What needs to be done:
With the line containing "Сумки Mario Berlucci Сумки Mario Berlucci" as the start and the line containing "XLC HG Freewheel Tool (TO-S17) product image" as the end, transcribe that span of the entries below exactly, including both.

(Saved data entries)

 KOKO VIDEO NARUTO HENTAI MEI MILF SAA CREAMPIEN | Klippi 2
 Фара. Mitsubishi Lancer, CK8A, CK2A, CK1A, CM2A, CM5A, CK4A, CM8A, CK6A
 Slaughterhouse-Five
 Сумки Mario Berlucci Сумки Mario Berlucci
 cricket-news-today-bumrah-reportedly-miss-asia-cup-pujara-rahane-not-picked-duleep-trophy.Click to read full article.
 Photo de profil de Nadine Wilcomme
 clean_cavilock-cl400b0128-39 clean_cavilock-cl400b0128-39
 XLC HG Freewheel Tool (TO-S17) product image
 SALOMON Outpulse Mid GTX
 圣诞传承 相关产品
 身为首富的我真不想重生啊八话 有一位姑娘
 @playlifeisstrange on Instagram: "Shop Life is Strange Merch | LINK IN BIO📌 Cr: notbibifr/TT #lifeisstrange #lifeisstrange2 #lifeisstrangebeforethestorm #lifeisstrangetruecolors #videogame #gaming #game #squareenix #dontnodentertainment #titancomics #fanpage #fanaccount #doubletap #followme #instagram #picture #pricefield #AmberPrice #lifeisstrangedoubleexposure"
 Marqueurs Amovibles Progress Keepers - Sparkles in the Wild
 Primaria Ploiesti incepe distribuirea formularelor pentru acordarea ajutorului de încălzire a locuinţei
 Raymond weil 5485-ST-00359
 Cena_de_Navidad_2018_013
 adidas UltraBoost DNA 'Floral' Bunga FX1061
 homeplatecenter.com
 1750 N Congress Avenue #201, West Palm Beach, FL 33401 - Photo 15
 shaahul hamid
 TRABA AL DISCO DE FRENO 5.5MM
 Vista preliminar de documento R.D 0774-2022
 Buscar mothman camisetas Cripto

Solution below:
 Сумки Mario Berlucci Сумки Mario Berlucci
 cricket-news-today-bumrah-reportedly-miss-asia-cup-pujara-rahane-not-picked-duleep-trophy.Click to read full article.
 Photo de profil de Nadine Wilcomme
 clean_cavilock-cl400b0128-39 clean_cavilock-cl400b0128-39
 XLC HG Freewheel Tool (TO-S17) product image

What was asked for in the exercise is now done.